Turns out the answer is “not quite yet.”
Which is a shame, because Mitsubishi launched the latest version of its legendary Lancer Evolution at the recent New York auto show. The Evolution IX is, as its name has always suggested, an evolution of the Evolution (an evo of the Evo, so to speak) that came before it: a little bit faster, with a little more visual aggression, more technology, and feature content. And like every Evolution that has gone before, it will remain off-limits to Canada, at least for now.
Officially, the reason the Evo IX isn’t coming to Canada is the same as before. Its intercooler, mounted down in the bottom half of the front bumper, is vulnerable to damage in our 8 km/h frontal crash tests, which stipulate that a car should be able to hit something at that speed and not be damaged. The same test in the States is less stringent. One wonders, though, how difficult it would have been to reinforce the Evo’s bumper to meet the requirement. Audi still slaps a set of bumper extenders on every TT that comes to Canada, and the Dodge SRT-4, which has a similar intercooler installation and (at least visually) similarly short front bumper, is sold here without any problems.
Mitsubishi, a company that’s coming back from the brink of financial hardship, probably could make the Evo legal in Canada, but it would not be without risk. Canada’s a notoriously value-oriented car market, and sales volume for a $40,000 import hot rod with a big wing and performance tires would probably be fairly low and probably not enough to justify the cost, especially when Subaru’s WRX and STi have had this market to themselves for a few years already. Conversely, the fact that Subaru managed to shift over 1,000 of them (325 of which were the $50,000 STi) would suggest there would be room for Mitsubishi to sell a couple of hundred Evos at least, establishing a beachhead in the performance-car market and lifting the image of the overall brand as a whole.
That would be especially true if they brought the Evo along in three versions, like it is sold in the States. The new 286 hp Evolution IX (a 20-plus horsepower increase over the previous Evo) is still available in three trim levels: a base RS version with basic cloth seats and radio-less interior that is designed to be stripped out and raced; a standard Evolution IX with power goodies, Recaro seats, rear spoiler, and audio system; and an uplevel Evo IX MR which is the refined, touring-grade Evo. It’s just as fast as the other models, but contains more creature comforts, has a better-finished interior with high-end sound, and Bilstein shock absorbers which ride more smoothly than the other versions’ standard suspension.
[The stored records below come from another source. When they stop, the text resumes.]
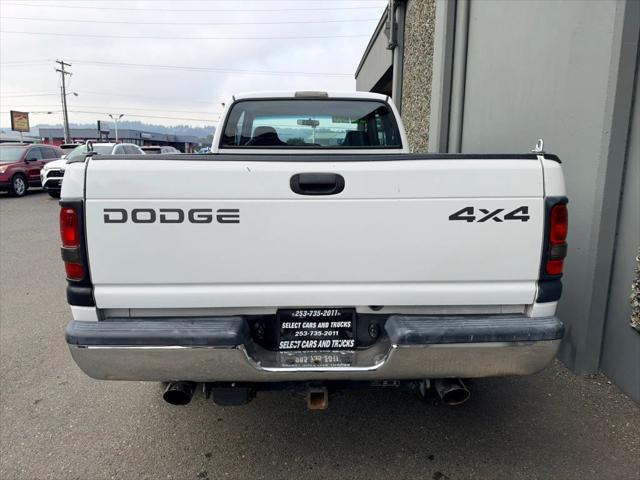 1997 Dodge Ram 2500 Long Bed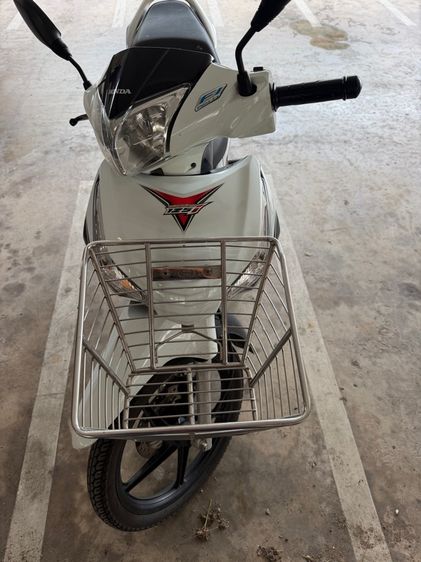 Wave 125i ขาวเดิมโรงงาน รูปที่ 7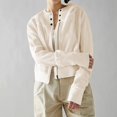 thumbnail image 1 of Paneled Sweatshirt Women Hooded Long Sleeves For Loose Slouchy Zip Hoodies, 1 of 8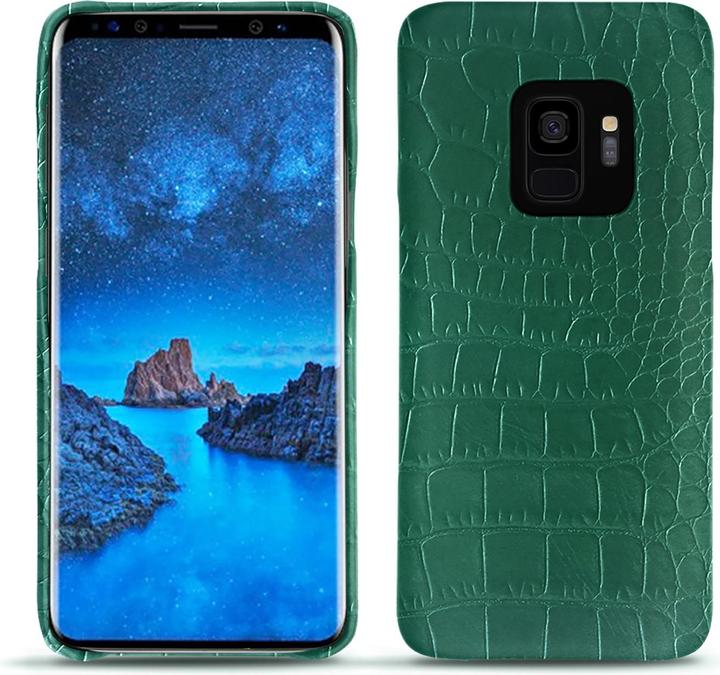 Actual product image Noreve Leather cover (Samsung Galaxy S9)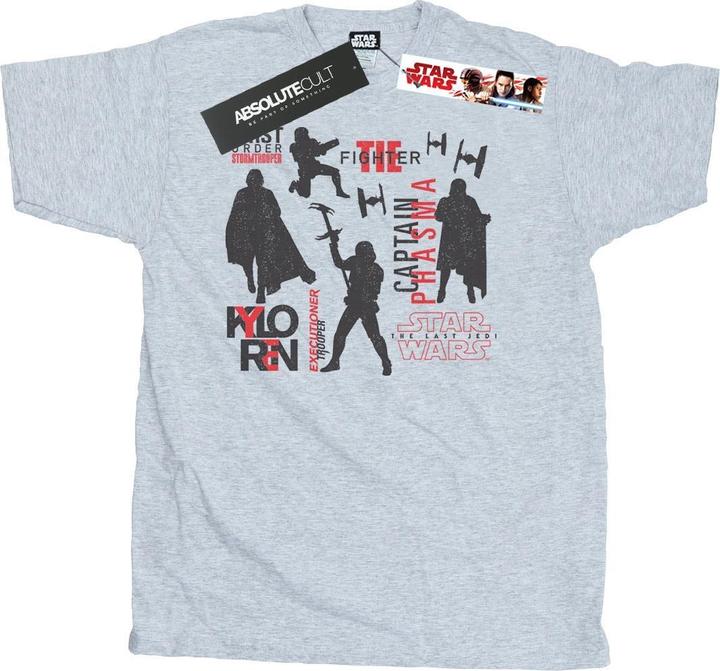 Produktbild Star Wars The Last Jedi First Order Silhouettes TShirt (S)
Other than that, the three new Evos’ mechanical spec is pretty similar: the engine is a basic 2.0-litre four-cylinder with a big whacking turbocharger strapped to it. In the RS and basic Evo, it drives all four wheels through a five-speed manual that, if my previous experience in a couple of 2003 Evos is any indication, is one of the nicest in the business. Where the three models vary is in the tuning of the all-wheel-drive system. The RS features a helical limited-slip front differential to better get the power to the ground (though it also creates more torque steer); the Evo has an open front diff; and the MR not only features a switchable Active Yaw Control system with settings for gravel, tarmac, and snow, but also a six-speed in place of the five-speed. All models have 17-inch alloy wheels (BBS on the MR), Brembo four-wheel disc brakes, and ABS.
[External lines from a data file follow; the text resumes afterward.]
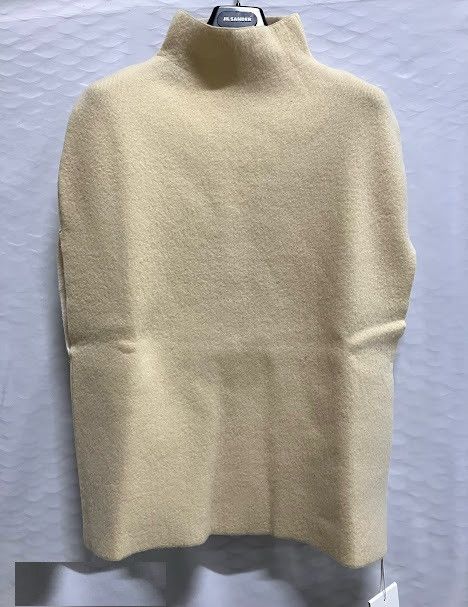 Jil Sander o1loc1c1124 Crop Top in Natural Size M / US 6-8 / IT 42-44 - 1 Preview
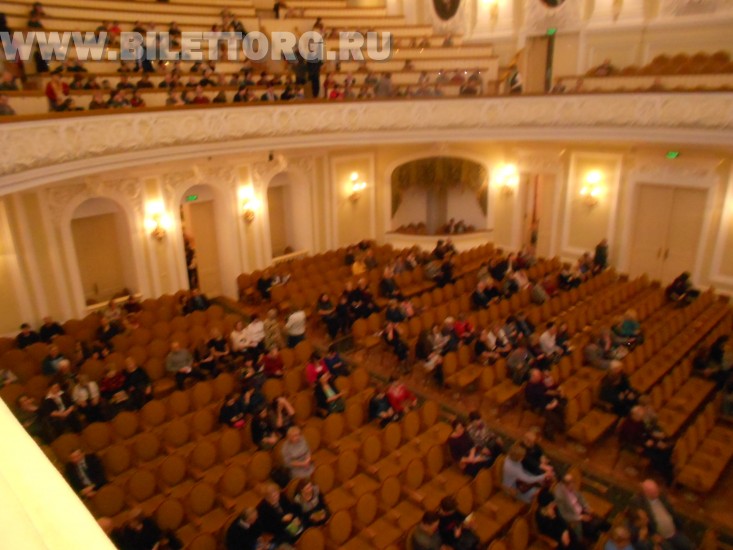 Зал Московской консерватории - фото 6 (партер и 1-й амфитеатр)
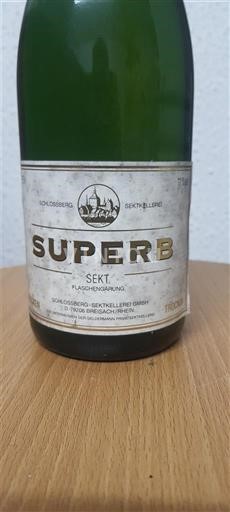 Baden Không được chỉ định Schlossberg Sektkellerei Superb Không niên vụ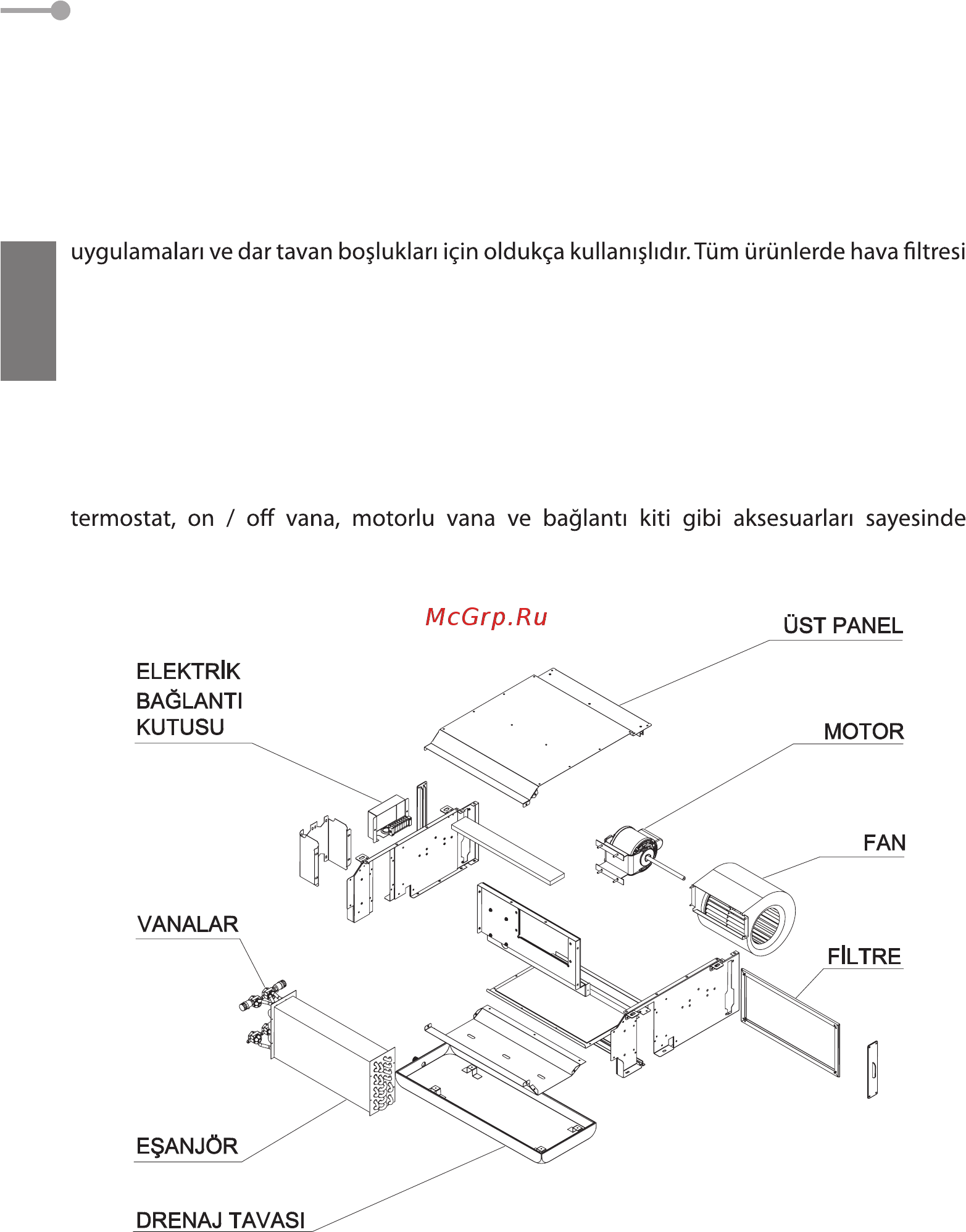 Daikin FWE08CFR [20/172] Genel bilgiler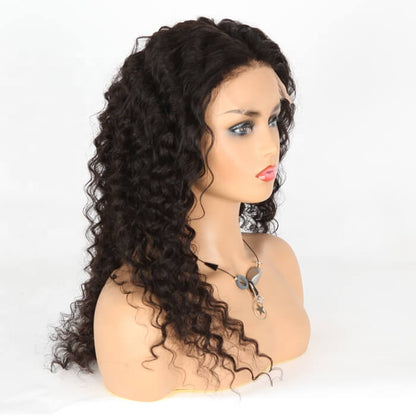 13X4 Lace Frontal 180 Deep Wavy Wig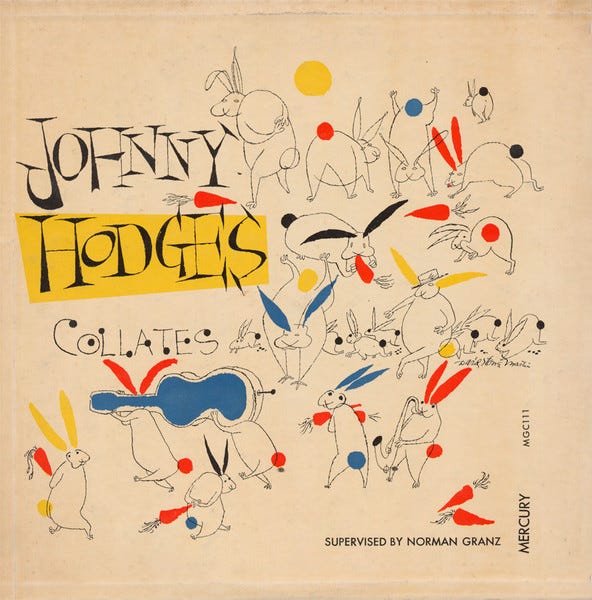Johnny Hodges - by Tyler King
Other than the extra power and some improved suspension tuning, there isn’t much to distinguish the new Evos from their forebears. They still look like Lancers on steroids, but in a good way. Their interiors have been upgraded with higher-quality trim, particularly in the Evo MR, but are still fairly plasticky and dim (especially in the instrument panel) for cars this expensive – the bare-bones RS goes for around $27,000 (U.S.), while the Evo is around $30,000 and the MR a couple thousand more than that.
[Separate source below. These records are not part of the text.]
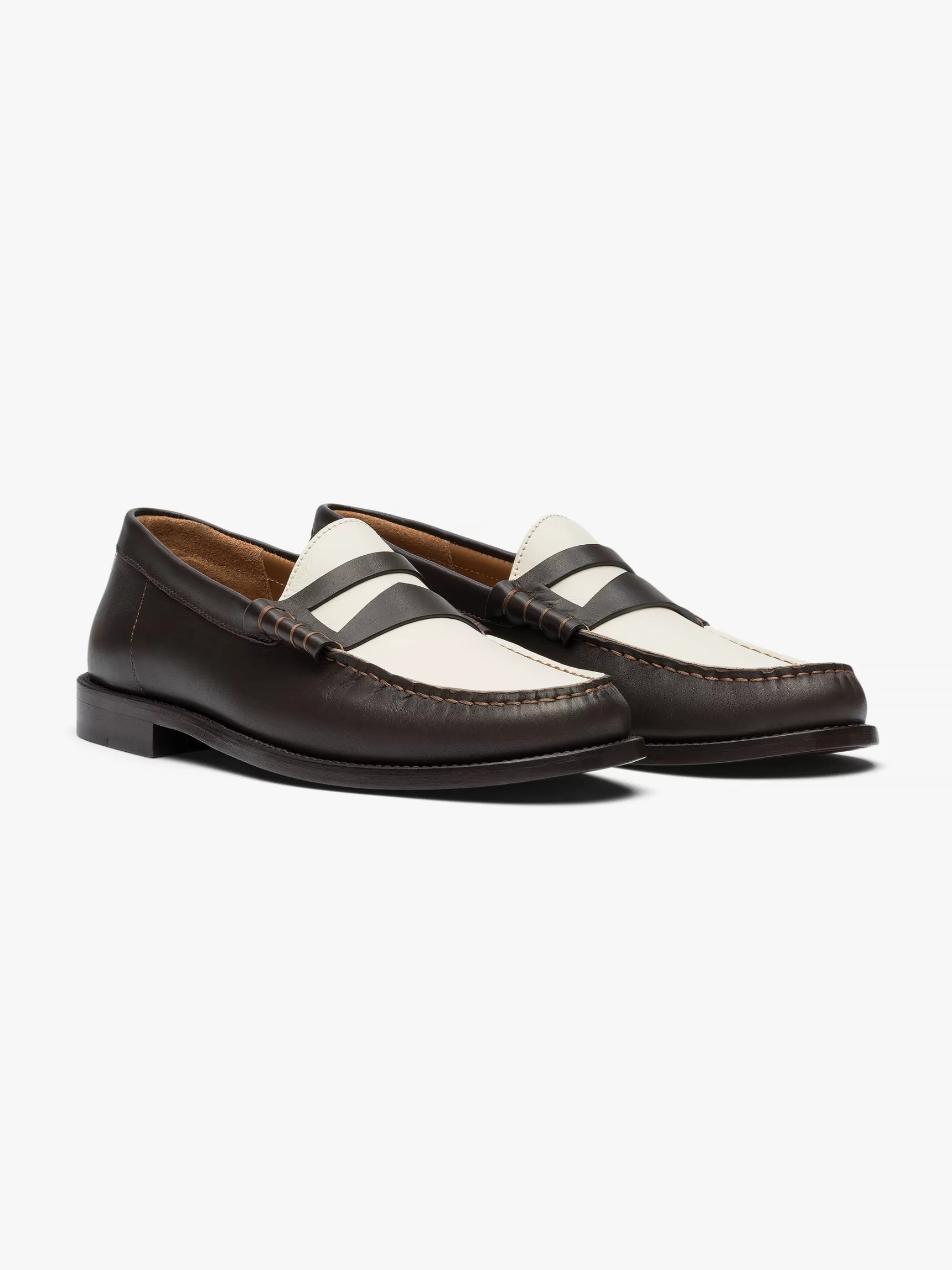 R H U D E Footwear | Loafers>BICOLOR SLIP ON LOAFER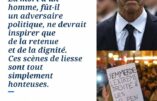 Retailleau : « Rien ne justifie qu’on danse sur un cadavre »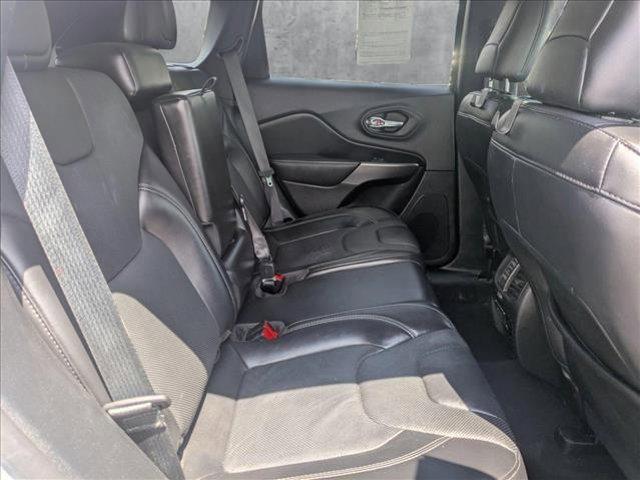 used 2020 Jeep Cherokee car, priced at $19,998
Still, I can tell you from experience that a drive in an Evo is one of the finest experiences in the automotive world. It’s a combination of the car’s amazing capabilities – its speed, its grip, and nimble handling balance – combined with the fact that, at heart, it’s still basically an economy car. An Evo is a real testament to the basic Lancer’s inherent toughness and ability, as well as a legitimate performance vehicle in its own right.
And it really hurts that we can’t have it here.